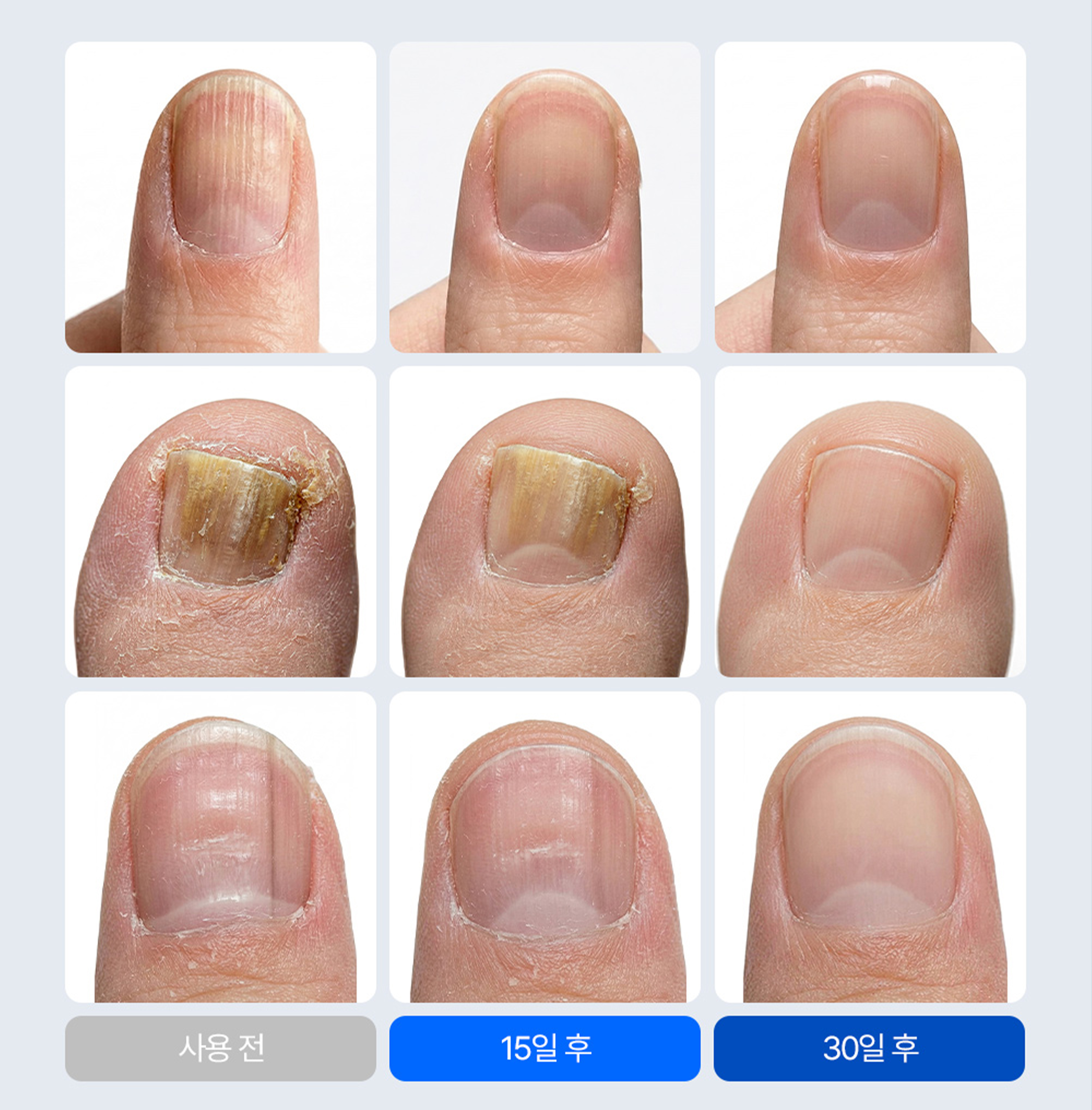 트라센 케라소프트 손톱 발톱 앰플 세로줄 울퉁불퉁 갈라짐 영양제 손발톱 연화제 상품 이미지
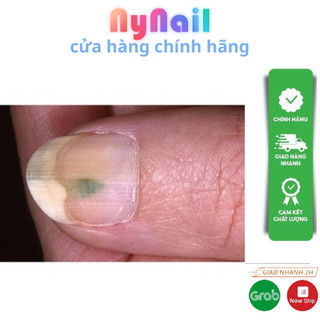 Nấm Móng away và varissi 15ml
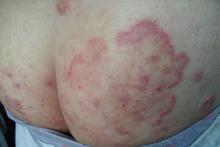 体癣有哪些危害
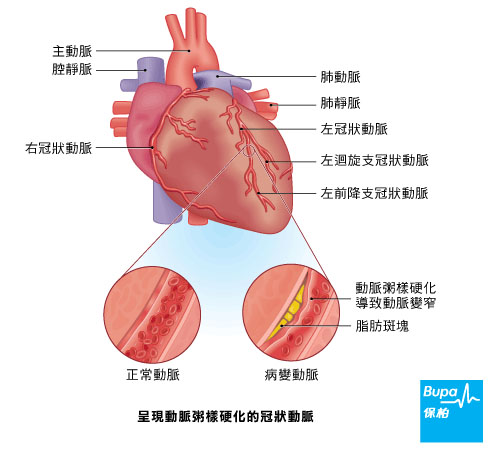 heart attack_atherosclerosis-chi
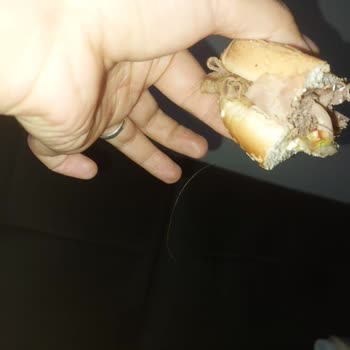Yemeksepeti Yemekte Saç Kılı Çıktı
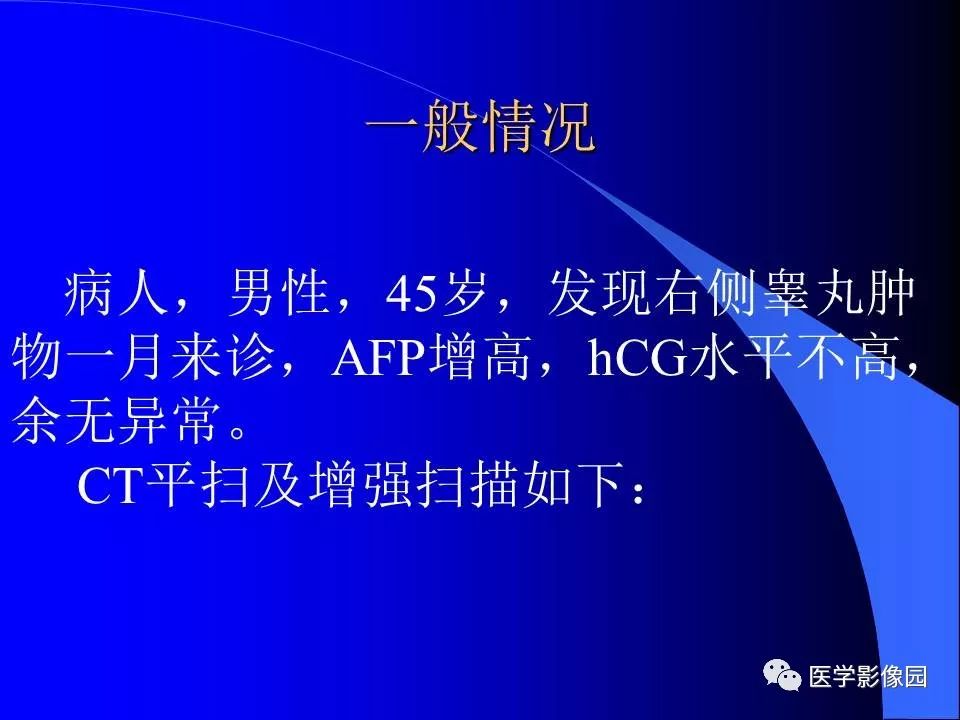 【病例】睾丸精原细胞瘤伴腹膜后转移1例CT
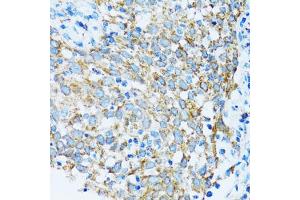 Immunohistochemistry of paraffin-embedded human lung cancer using PRDX3 antibody (ABIN5971574) at dilution of 1/100 (40x lens). (Peroxiredoxin 3 antibody)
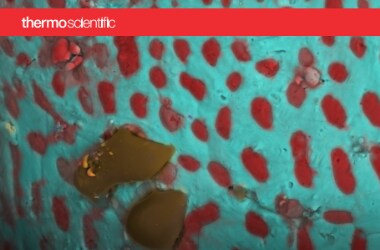 brochure-scanning-electron-eicroscopes-380x250 brochure-scanning-electron-eicroscopes-380x250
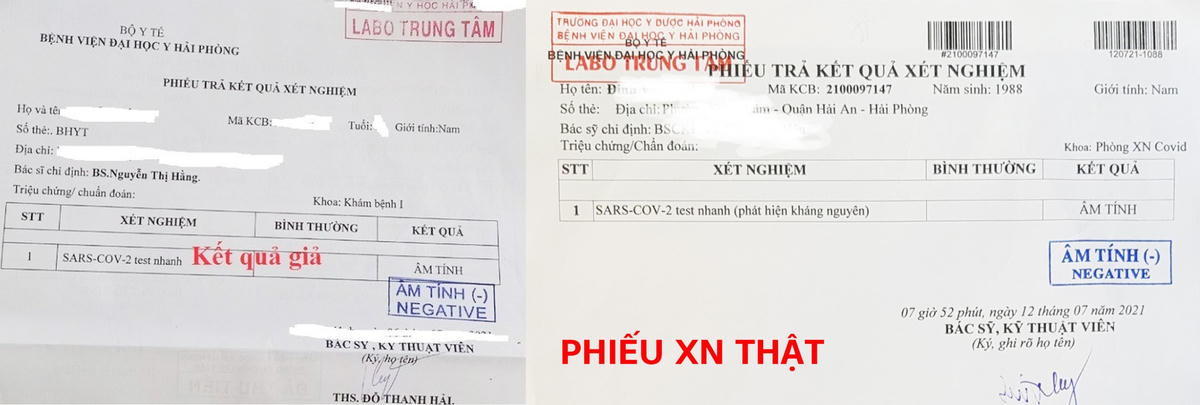 Phiếu XN giả và thật của BVĐH Y Hải Phòng.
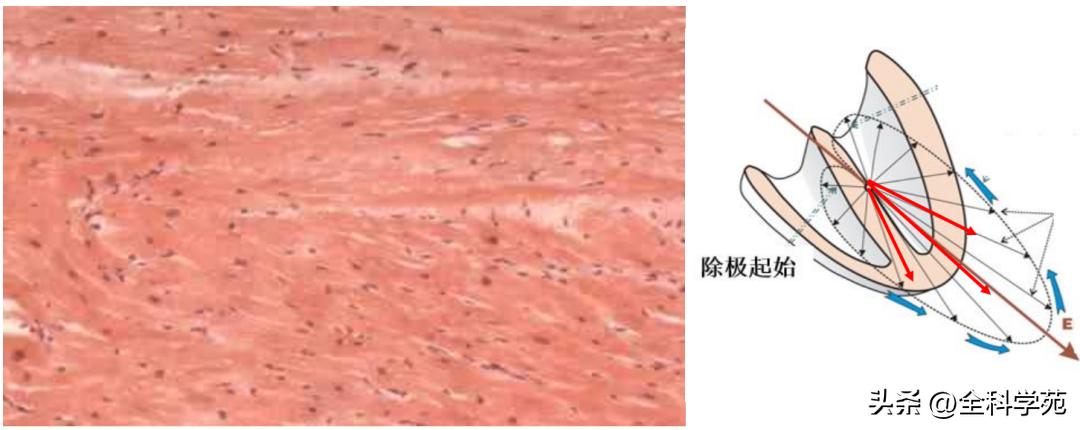 心电图qrs时限超宽是什么引起的,心电图qrs波呈m型见于什么疾病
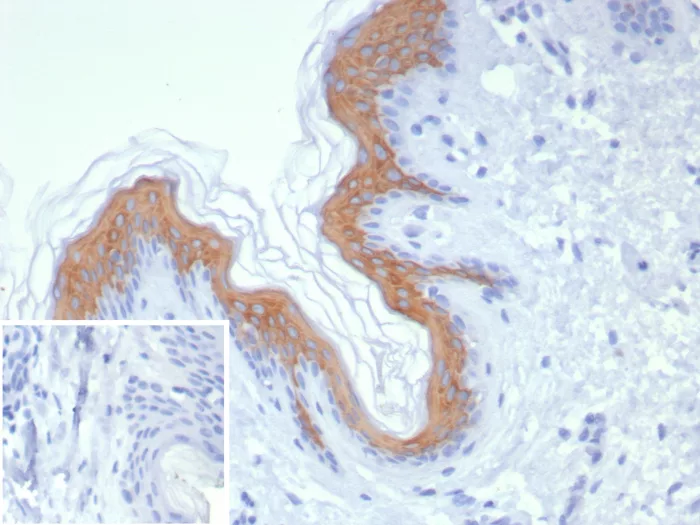 Formalin-fixed, paraffin-embedded human skin stained with Cytokeratin 1 Antibody (KRT1/8342R) - Azide and BSA Free. Inset: PBS instead of primary antibody; secondary only negative control.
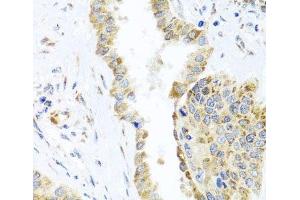 Immunohistochemistry of paraffin-embedded Human lung cancer using DARS2 Polyclonal Antibody at dilution of 1:100 (40x lens). (DARS2 Antikörper)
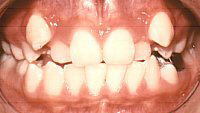 ls-chinh-hinh-003
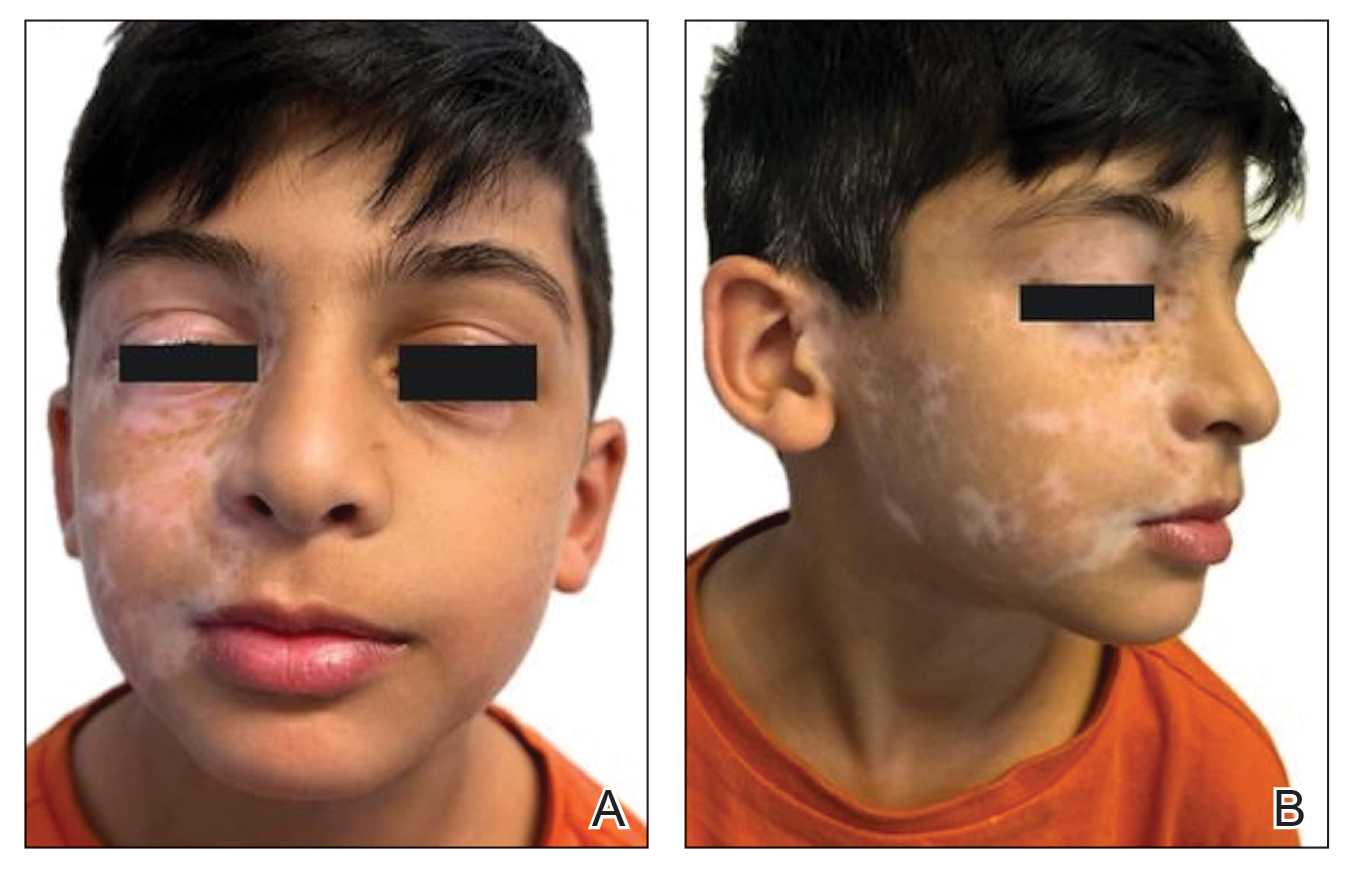 CT117002014_e-Fig3_AB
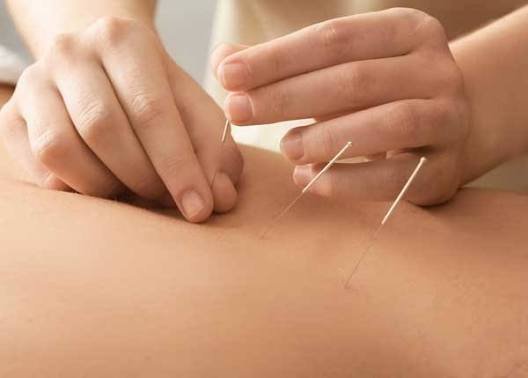 A person receiving dry needling in Wagga.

##############################

__Work request__:
An exact copy of the material is required, minus the pictures.

__Written response__:
 트라센 케라소프트 손톱 발톱 앰플 세로줄 울퉁불퉁 갈라짐 영양제 손발톱 연화제 상품 이미지
 Nấm Móng away và varissi 15ml
 体癣有哪些危害
 heart attack_atherosclerosis-chi
Yemeksepeti Yemekte Saç Kılı Çıktı
 【病例】睾丸精原细胞瘤伴腹膜后转移1例CT
 Immunohistochemistry of paraffin-embedded human lung cancer using PRDX3 antibody (ABIN5971574) at dilution of 1/100 (40x lens). (Peroxiredoxin 3 antibody)
 brochure-scanning-electron-eicroscopes-380x250 brochure-scanning-electron-eicroscopes-380x250
 Phiếu XN giả và thật của BVĐH Y Hải Phòng.
 心电图qrs时限超宽是什么引起的,心电图qrs波呈m型见于什么疾病
 Formalin-fixed, paraffin-embedded human skin stained with Cytokeratin 1 Antibody (KRT1/8342R) - Azide and BSA Free. Inset: PBS instead of primary antibody; secondary only negative control.
 Immunohistochemistry of paraffin-embedded Human lung cancer using DARS2 Polyclonal Antibody at dilution of 1:100 (40x lens). (DARS2 Antikörper)
 ls-chinh-hinh-003
 CT117002014_e-Fig3_AB
 A person receiving dry needling in Wagga.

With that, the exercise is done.